March 1999
Features

Microseismic survey of a North Sea reservoir

Emerging seismic technology senses/ analyzes microearthquakes generated by production operations to help delineate reservoir structures

March 1999 Vol. 220 No. 3 
Feature Article 

Microseismic survey of a North Sea reservoir

Production activities generate microearthquakes. When plotted, these events form clusters that can delineate reservoir structures. Microseismic monitoring provides real-time definitions

B. C. Dyer, R. H. Jones and J. F. Cowles, CSM Associates; O. Barkved and P. G. Folstad, Amoco Norway

An introduction to microseismic monitoring appeared in December's issue. The reader will find a more complete discussion of the background and theory of this technique in that issue.
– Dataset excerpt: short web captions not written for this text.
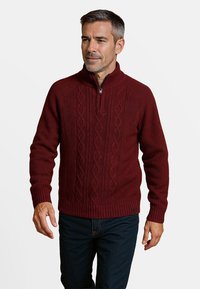Bordeaux gebreide trui met een kwart rits, voorzien van een gewatteerd kabelpatroon en geribde manchetten en zoom. Combineert goed met donkerblauwe spijkerbroek.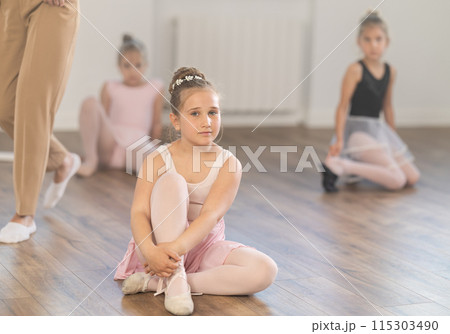 During lesson at ballet studio, girl sits on floor and thinks, dreams. During lesson at ballet studio, girl sits on floor and thinks, dreams. 115303490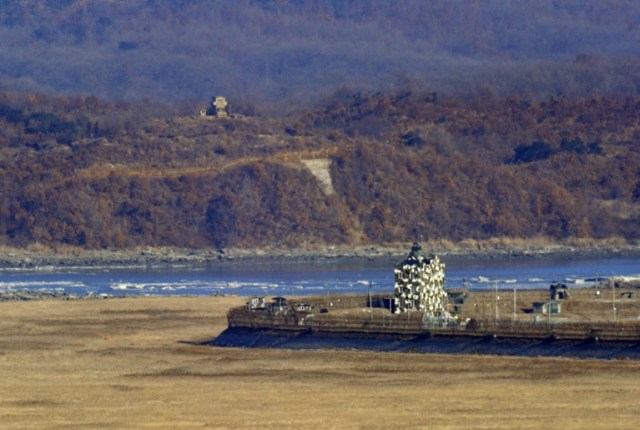 (FILES) In file photo taken on January 25, 2013, a North Korean guard post (top) and a South Korean guard post (centre R) stand opposite each other as seen from a South Korean observation post in Paju near the Demilitarized Zone (DMZ) dividing the two Koreas. South Korea on August 20, 2015 fired dozens of shells across the border into North Korea in retaliation for an apparent North Korean rocket attack, Seoul's defence ministry said.   AFP PHOTO / FILES / JUNG YEON-JE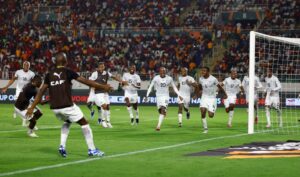 Bafana Bafana players celebrating a goal with Veli Mothwa part of it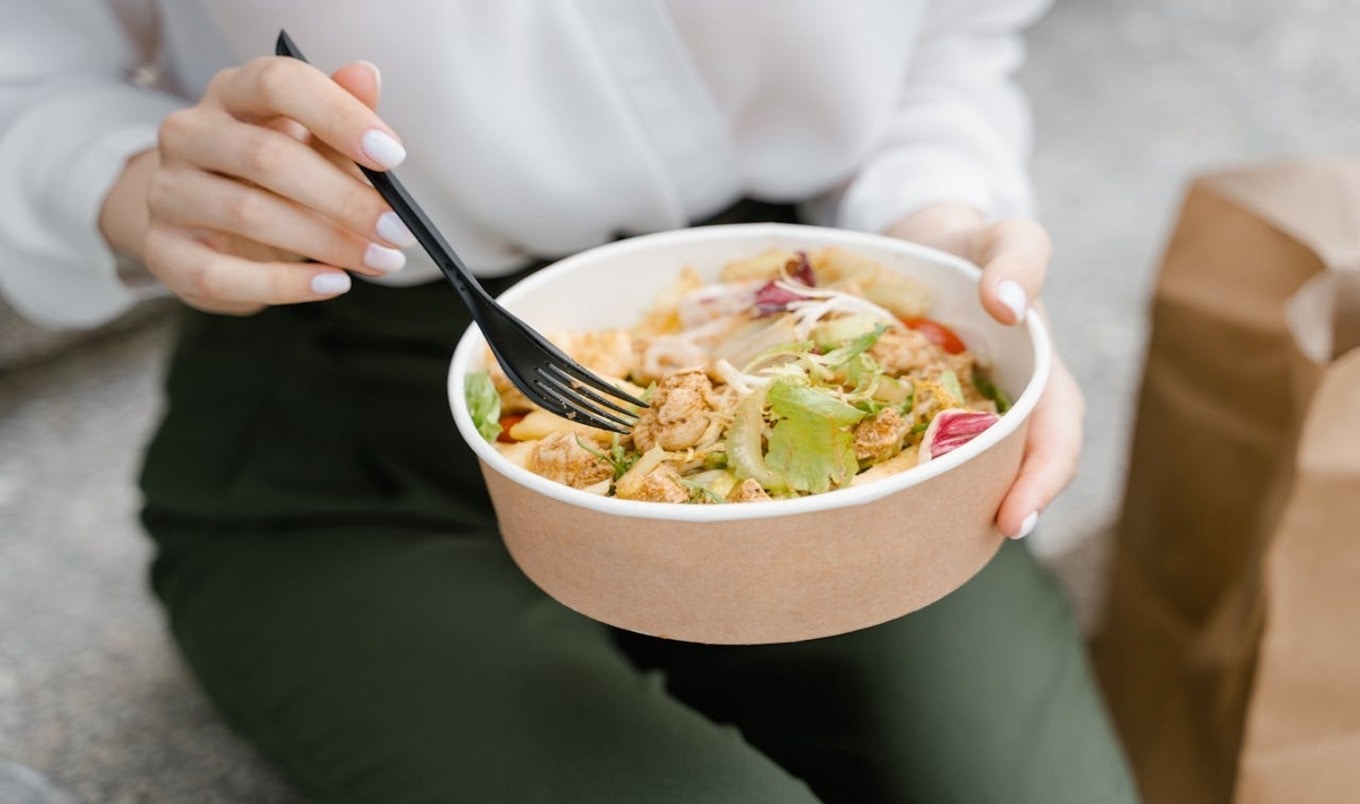 eating bowl of healthy food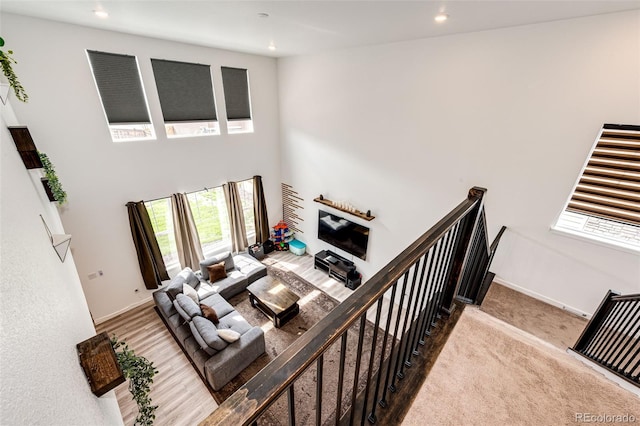 985 S Elk Way, Aurora, CO 80018 - living room with recessed lighting, a towering ceiling, and carpet flooring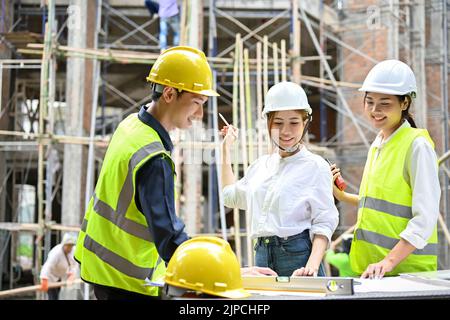 A beautiful Asian businesswoman having a outdoor meeting with two professional asian engineers in the building construction site. Stock Photo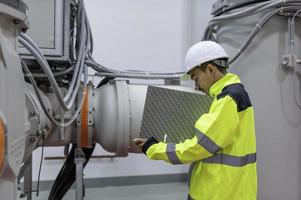 elektrisch ingenieur Mens controle Spanning Bij de macht distributie kabinet in de controle kamer, preventief onderhoud jaarlijks, thailand elektricien werken Bij bedrijf foto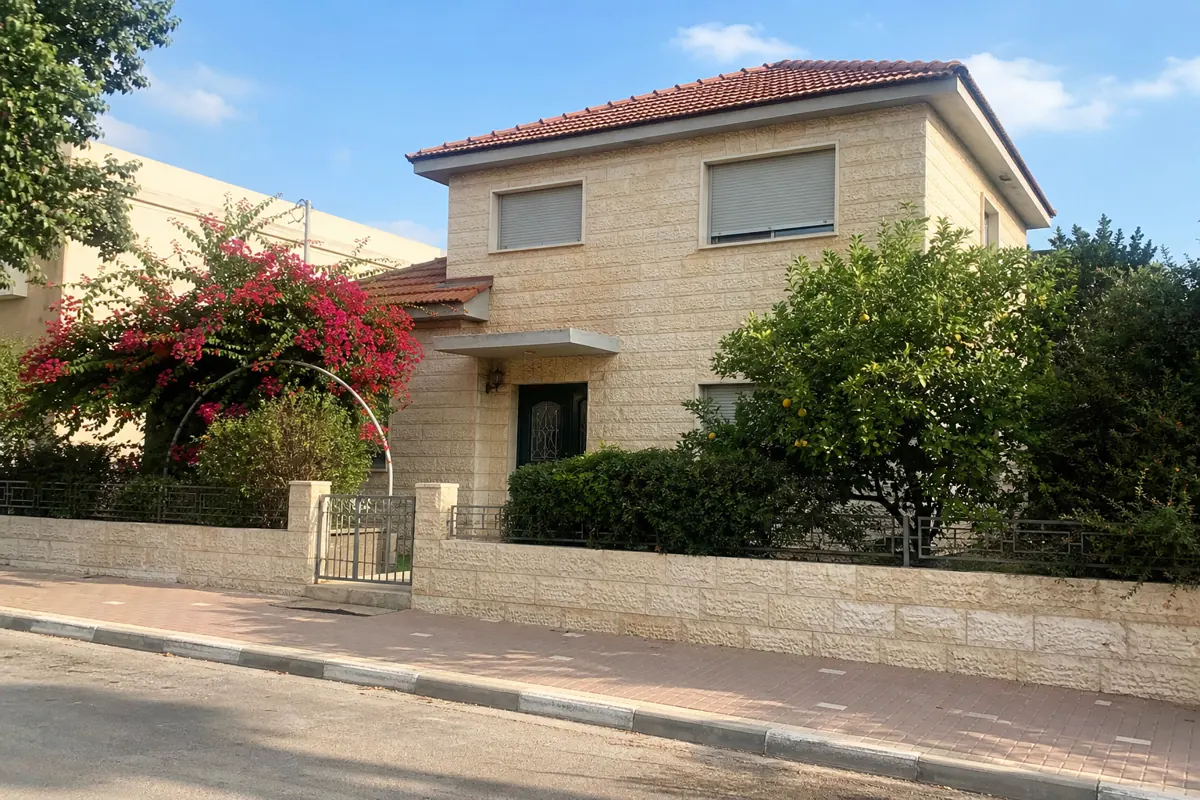 A real street with houses and parked cars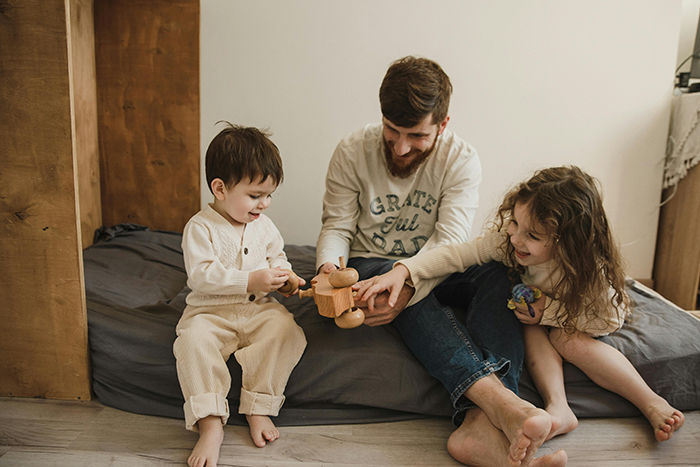 Man refuses to babysit sister’s kids while children play together, showing family dynamics and burnout feelings. Man refuses to babysit sister’s kids while children play together, showing family dynamics and burnout feelings.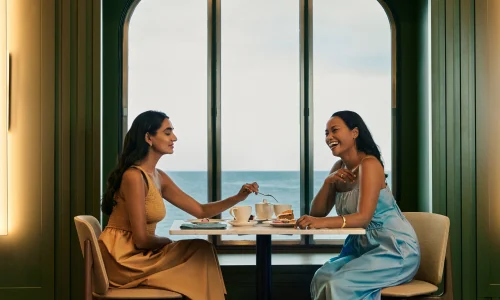 Two women laughing and talking while dining at a small table next to a large window.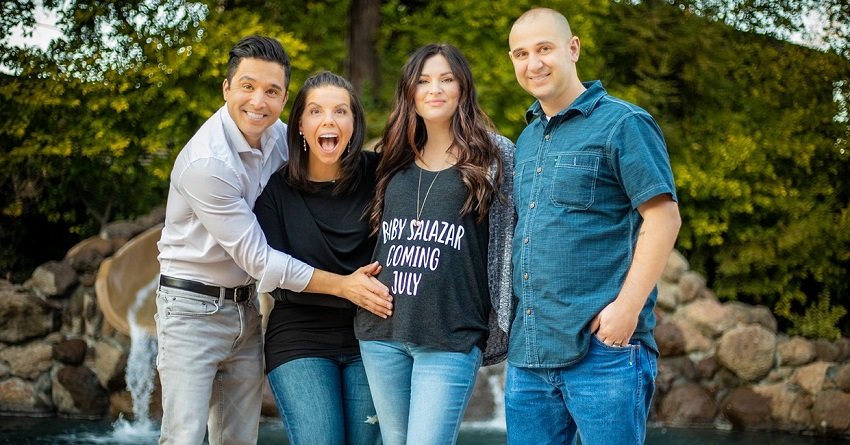 Amy Carabba, her husband Pablo Salazar, and the surrogate family carrying their baby | Photo: Courtesy of Amy Carabba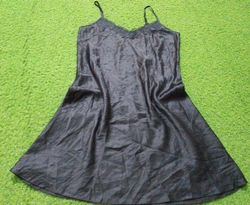 Black satin slip dress with lace trim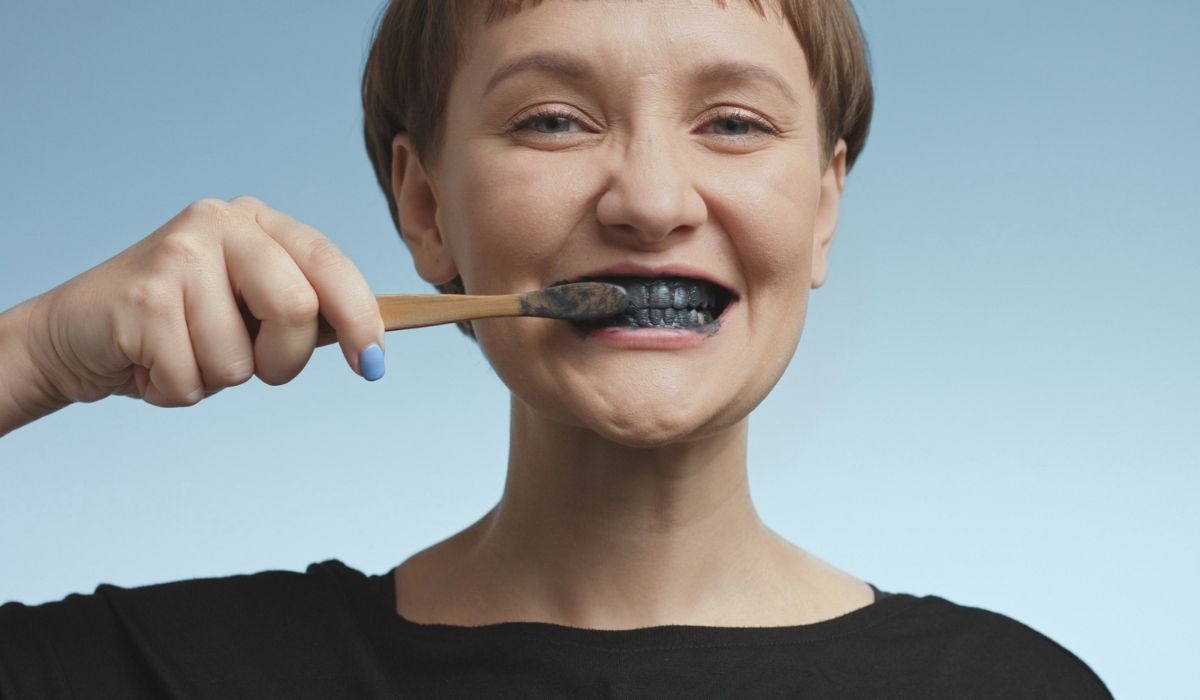 Pretty young woman brushing her teeth with black toothpaste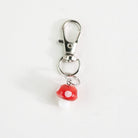 Keychain with a red mushroom charm on a white background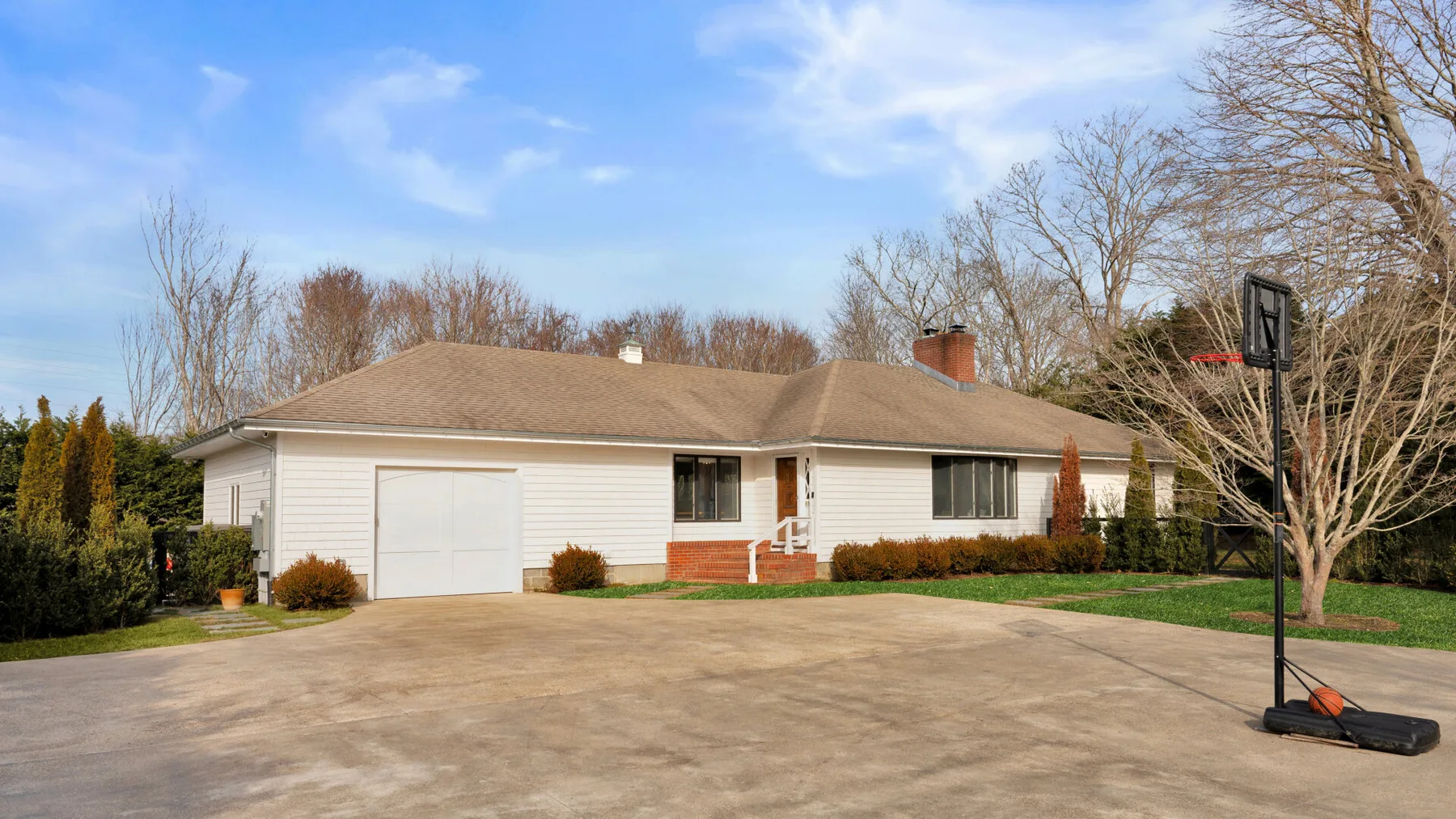 Una casa de una planta da a una amplia entrada pavimentada y una canasta de baloncesto.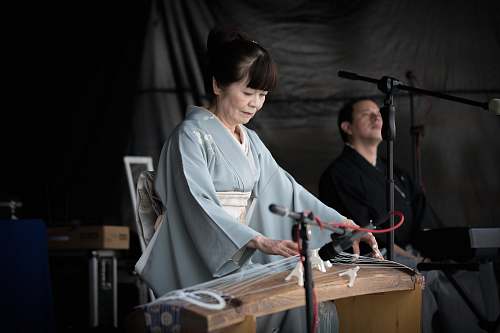 person woman playing string musical instrument apparel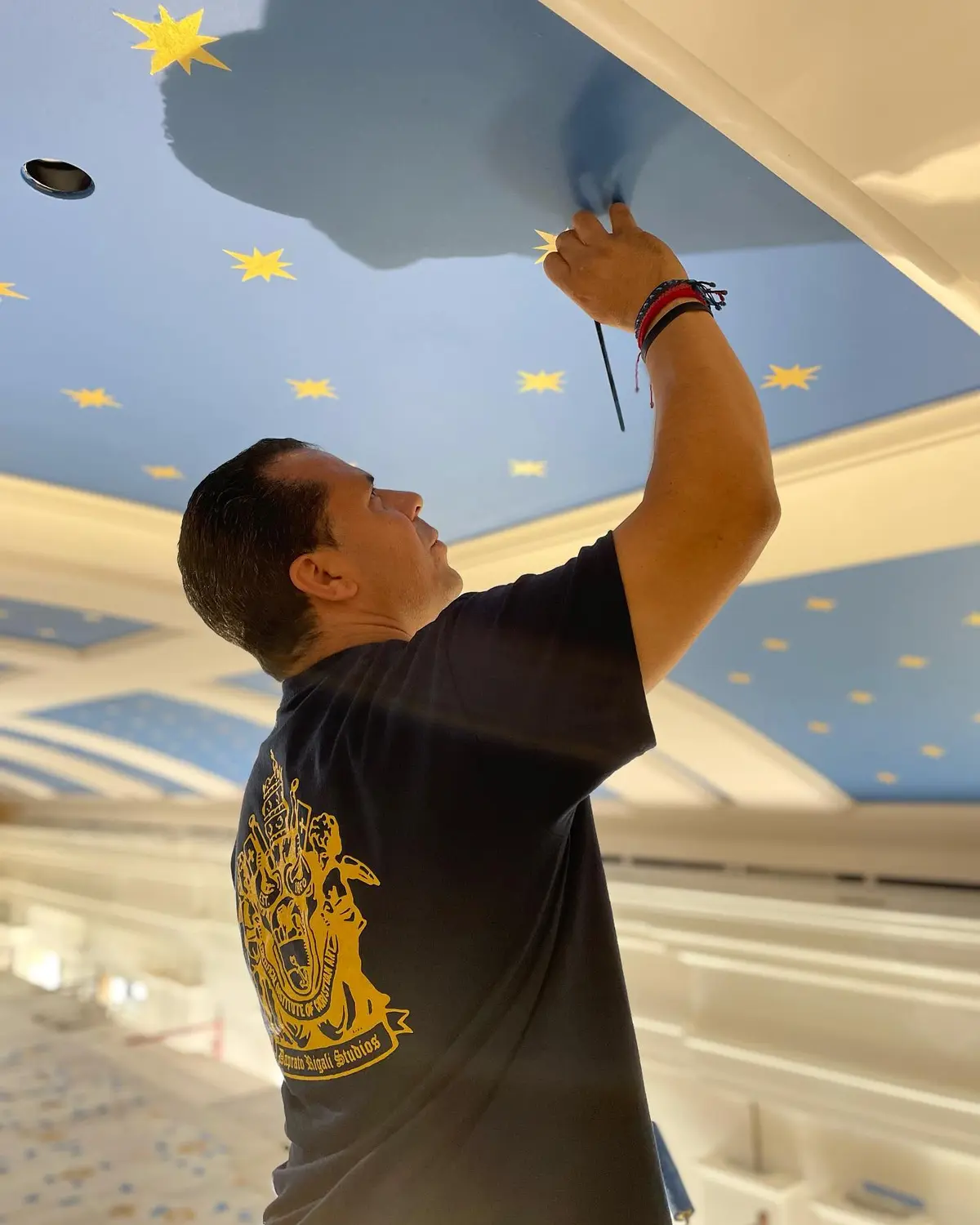 A Daprato Rigali Studios crew member paints stars on the ceiling of St. Theresa Catholic Church in Palatine, Ill. (Courtesy of Daprato Rigali Studios)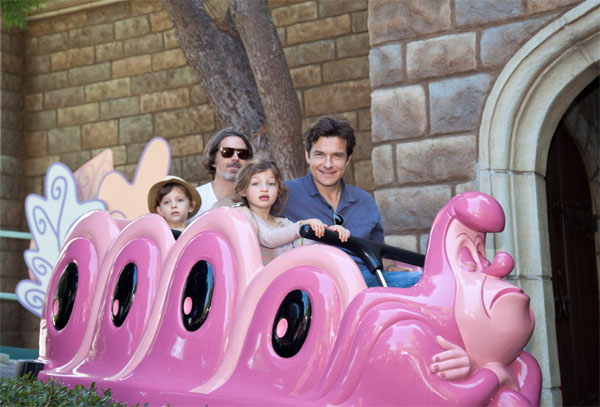 Jason Bateman and daughter Francesca, 5, ride the Alice in Wonderland attraction at Disneyland park in Anaheim, California on Wednesday, March 14, 2012.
This article concerns a recent North Sea survey in Amoco Norway's Valhall field. The survey follows a successful, 20-day, microseismic-monitoring trial in Phillips Norway's Ekofisk field, adjacent to Valhall. Microseismic monitoring was performed at Valhall for 57 days during June and July 1998. Discussed herein are the rationale, design, acquisition and results of the Valhall survey.

Introduction

Microseismic monitoring is an emerging technology within the hydrocarbon industry. It is being driven by operator requirements for real-time information on hydraulic and geomechanical processes taking place within the reservoir in the interwell region, remote from wellbores.

The technique is based on the observation that oilfield production activities generate very small microearthquakes (microseismic events). Such events are non-randomly distributed and can be detected at distances of more than one km using appropriate sensors. When plotted, they form clusters that can delineate reservoir structures at high resolution, and provide other useful information to assist in reservoir development and management decisions.

Experience in the U.S. and North Sea has confirmed that microseismic monitoring can:

  • Identify fault structures that can result in reservoir compartmentalization or act as flow channels and routes for premature water breakthrough
  • Image the flow anisotropy associated with fracture-dominated reservoirs
  • Provide real-time 3-D monitoring of fluid-pressure-front movement
  • Assist in targeting new injector/producer wells
  • Identify areas of potential wellbore instability
  • Cost less than permanent seabed instrumentation
  • Provide reliable, high-quality, high-resolution data.

Microseismic events can also be regarded as powerful compression and shear wave sources, located within the reservoir, that can be used for velocity imaging and shear-wave-anisotropy analysis. When integrated with other borehole and reflection seismic techniques, microseismic monitoring provides a powerful, routinely predictive tool that can significantly cut lifecycle costs of reservoir monitoring, thus leading to optimization of wells and prediction of pre-emptive interventions.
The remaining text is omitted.